TAGs relate a specific area of a JPG image to data objects in Arctos.
Comments in TAGs may contain a very specific (and currently very limited) type of markup language in order to form links to specimens in Arctos. This can be useful for negative references: “this area on the field notes probably does NOT refer to that specimen, possible because someone’s mixed some numbers up somewhere along the way.” To create a link from a comment TAG to a specimen, simply type doubled square brackets around the GUID-string. Example:
forms a HTML-link to http://arctos.database.museum/guid/MVZ:Mamm:184092
URLs and Stability
Arctos provides several URLs to media objects. It it important to know which to use in any particular situation.
Detail URL: (http://arctos.database.museum/media/10002230)
This is a “fairly permanent” (a decade?) link to the Media Detail page. This link should continue to work as long as Arctos is at the same URL and running under the HTTP protocol. Suitable for any maintained online link; DOI is perhaps a better choice for paper or PDF archives.
“Stable Exit link” ( (http://arctos.database.museum/media/10002230?open)
Append “?open” (or “?open=true”) to the detail_url; logs the request and redirects to media_URI. This is a “fairly permanent” (a decade?) link to the Media URI. Logging is enabled. This link should continue to work as long as Arctos is at the same URL and running under the HTTP protocol, and the media itself is maintained. Suitable for any maintained online link. DOI is perhaps a better choice for paper or PDF archives. This link is a suitable DOI target.
DOIs should be (50-year-plus) permanent; they (with proper curatorial commitment) will survive the material moving out of Arctos, the deprecation of the HTTP protocol, and other imaginable changes. Not all material in Arctos has a DOI, but Operators may assign DOIs by request.

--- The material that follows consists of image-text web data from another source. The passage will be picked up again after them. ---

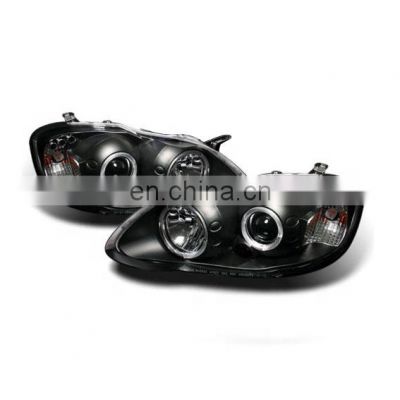 Projector Light forToyota Corolla 04-09 Led Headlight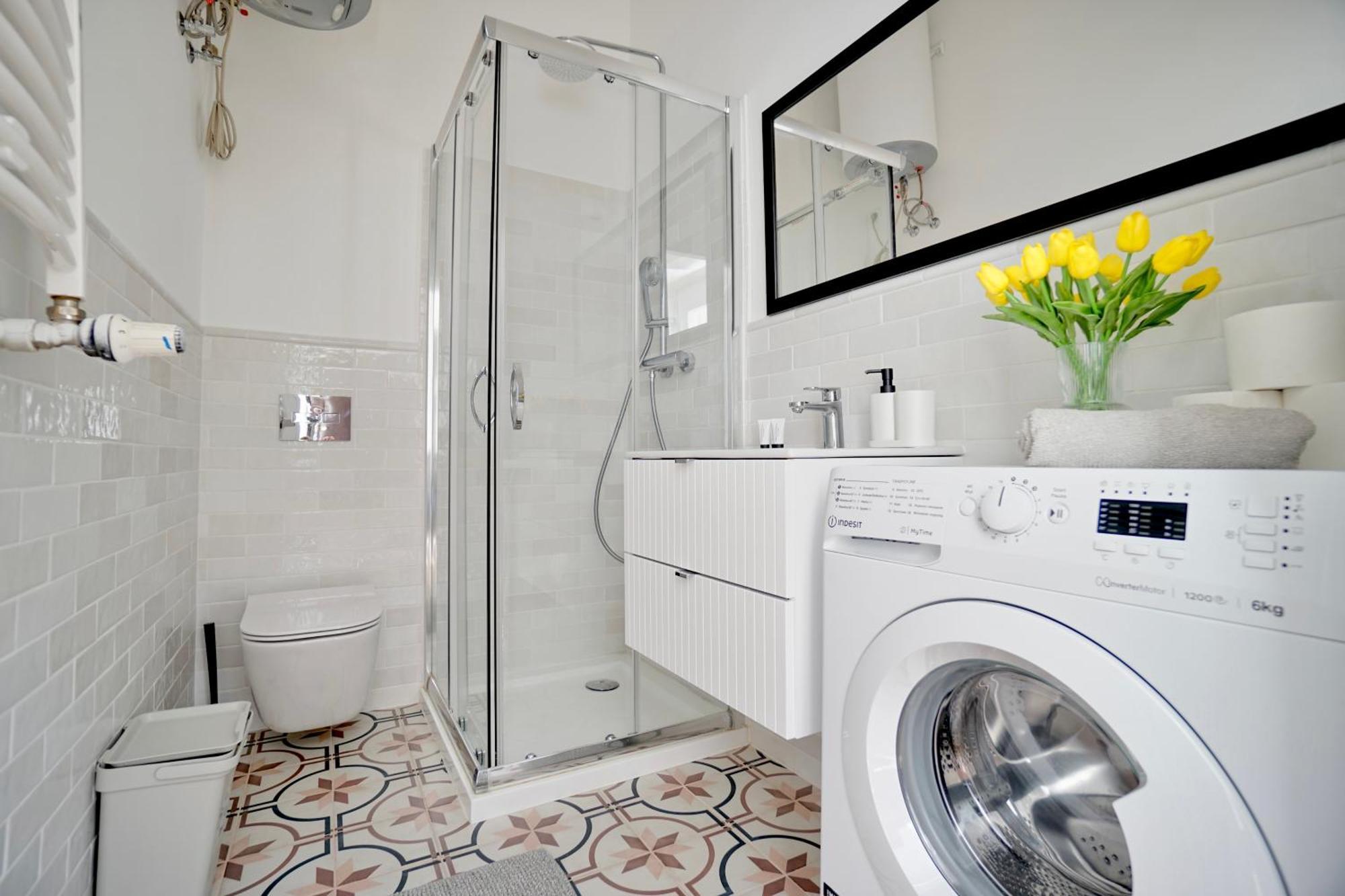 Warsaw Premium Apartments Old Town מראה חיצוני תמונה
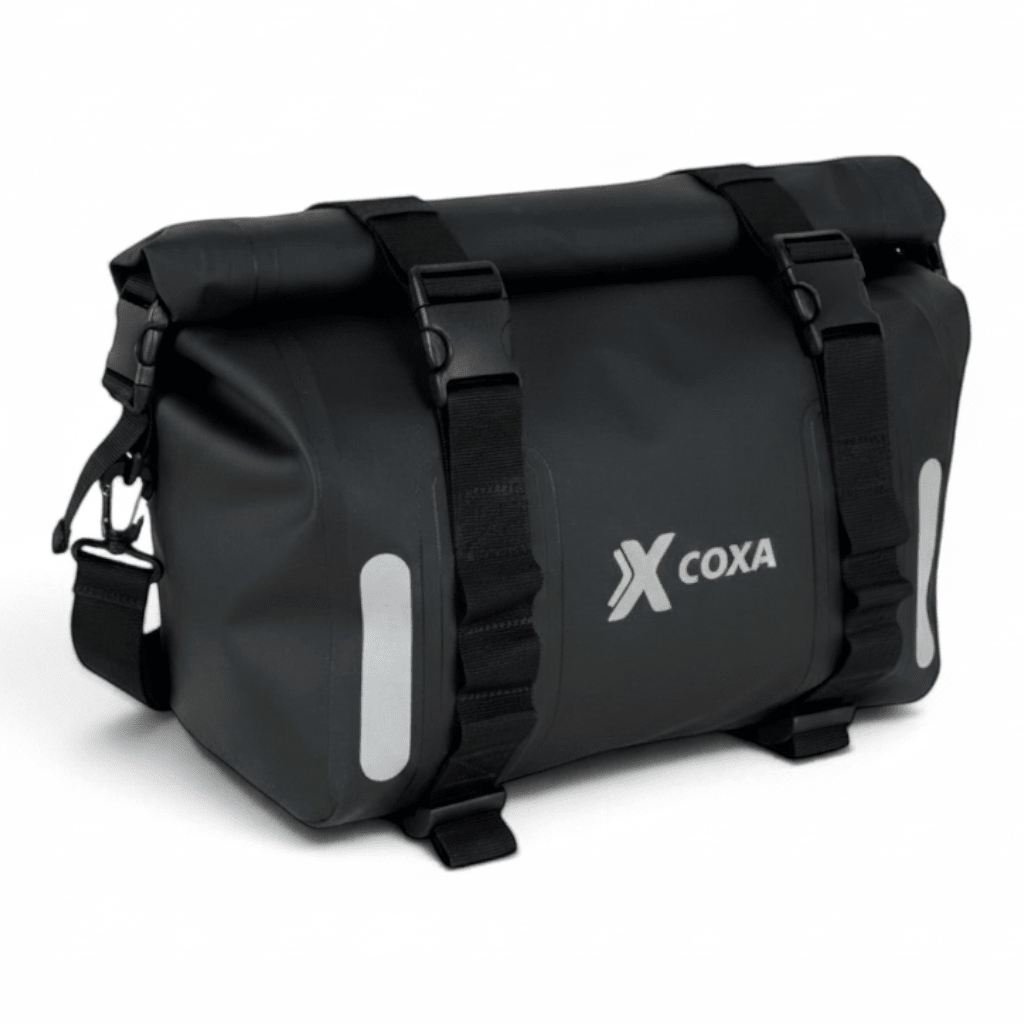Coxa Messenger Big Bag - coxacarry.com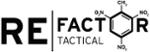 RE Factor Tactical  Coupon Codes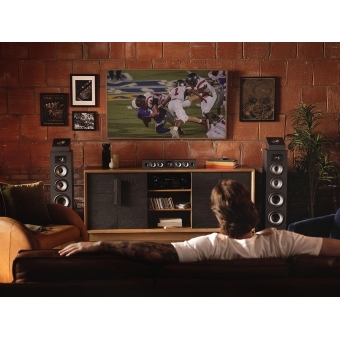 Boxă de podea POLK AUDIO - MONITOR XT60 #9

Links of this format trigger application-level logging and then redirect to the media URI. These links are as stable as the Media URI, but trigger local usage logging which helps us pay to maintain and create content for Arctos. (This approach is necessary because Arctos Media may be located anywhere, including servers over which we have no control.)
The link to the binary. These do NOT fire application-level logging, come with no stability guarantees, and should not be used for most purposes.
All Media stored at TACC is publicly available, and may appear in various search engines or linked from various places in Arctos. TACC will not host restricted-access Media. Media may be made private by controlling access to the content; use a private password-protected server, a password-protected Google document, archived in a password-protected ZIP file, etc.